Performance testing with SIPp

Advice to run performance tests with SIPp

SIPp has been originally designed for SIP performance testing. Reaching high call rates and/or high number of simultaneous SIP calls is possible with SIPp, provided that you follow some guidelines:

  • Use a Linux system to reach high performances. The Windows port of SIPp (through CYGWIN) cannot handle high performances.
  • Limit the traces to a minimum (usage of -trace_msg, -trace_logs should be limited to scenario debugging only)
  • Understand internal SIPp’s scheduling mechanism and use the -timer_resol, -max_recv_loops and -max_sched_loops command line parameters to tune SIPp given the system it is running on.

Generally, running performance tests also implies measuring response times. You can use SIPp’s timers (start_rtd, rtd in scenarios and -trace_rtt command line option) to measure those response times. The precision of those measures are entirely dependent on the timer_resol parameter (as described in SIPp’s internal scheduling section). You might want to use another “objective” method if you want to measure those response times with a high precision (a tool like Wireshark will allow you to do so).

SIPp’s internal scheduling

SIPp has a single-threaded event-loop architecture, which allows it to handle high SIP traffic loads. SIPp’s event loop tracks various tasks, most of which are the calls that are defined in your scenario. In addition to tasks that represent calls there are several special tasks: a screen update task, a statistics update task, a call opening task, and a watchdog task. SIPp’s main execution loop consists of:

  1. Waking up tasks that have expired timers.
  2. Running up to max_sched_loop tasks that are in a running state (each call is executed until it is no longer runnable).
  3. Handling each of the sockets in turn, reading max_recv_loops messages from the various sockets.

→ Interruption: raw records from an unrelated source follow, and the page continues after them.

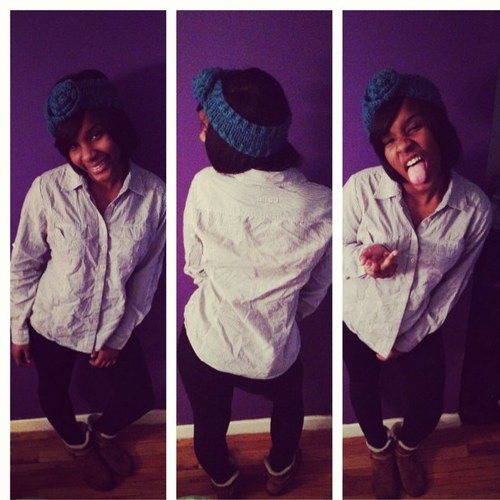KyahShortStuff's profile picture. Kyah Jones
4'11 #TeamFunsize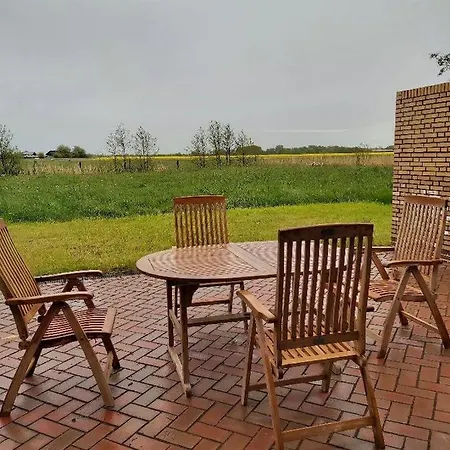 Haus-weitblick Casa vacanze *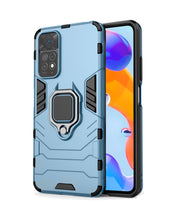 Cargar imagen en el visor de la galería, Estuche Anti Golpes Xiaomi Redmi Note 11 Pro 4G/5G-Note 12 Pro 4G Con Anillo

SIPp executes this loop continuously, until some condition tells it to stop (e.g., the user pressing the ‘q’ key or the global call limit or timeout being reached).

Several parameters can be specified on the command line to fine tune this scheduling.

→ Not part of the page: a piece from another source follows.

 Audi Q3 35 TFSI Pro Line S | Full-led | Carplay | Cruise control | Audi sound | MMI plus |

  • timer_resol: during the main loop, the management of calls (management of wait, retransmission …) is done for all calls, every “timer_resol” ms at best. The delay of retransmission must be higher than “timer_resol”. The default timer resolution is 1 millisecond, and that is the most precise resolution that SIPp currently supports. If you increase this parameter, SIPp’s traffic will be burstier and you are likely to encounter retransmissions at high load. If you have too many calls, or each call takes too long, the timer resolution will not be respected.
  • max_recv_loops and max_sched_loops: received messages are read and treated in batch. “max_recv_loops” is the maximum number of messages that can be read at one time. “max sched loops” is the maximum number of processing calls loops. These limits prevent SIPp from reading and processing new messages from sockets to the exclusion of processing existing calls, and vice versa. For heavy call rate, increase both values. Be careful, those two parameters have a large influence on the CPU occupation of SIPp.
  • watchdog_interval, watchdog_minor_threshold, watchdog_major_threshold, watchdog_minor_maxtriggers, and watchdog_major_maxtriggers: The watchdog timer is designed to provide feedback if your call load is causing SIPp’s scheduler to be overwhelmed. The watchdog task sets a timer that should fire every watchdog_interval milliseconds (by defualt 400ms). If the timer is not serviced for more than watchdog_minor_threshold milliseconds (by default 500s), then a “minor” trigger is recorded. If the number of minor triggers is more than watchdog_minor_maxtriggers; the watchdog task terminates SIPp. Similarly, if the timer is not serviced for more than watchdog_major_threshold milliseconds (by default 3000ms), then a major trigger is recorded; and if more than watchdog_major_maxtriggers are recorded SIPp is terminated. If you only see occasional messages, your test is likely acceptable, but if these events are frequent you need to consider using a more powerful machine or set of machines to run your scenario.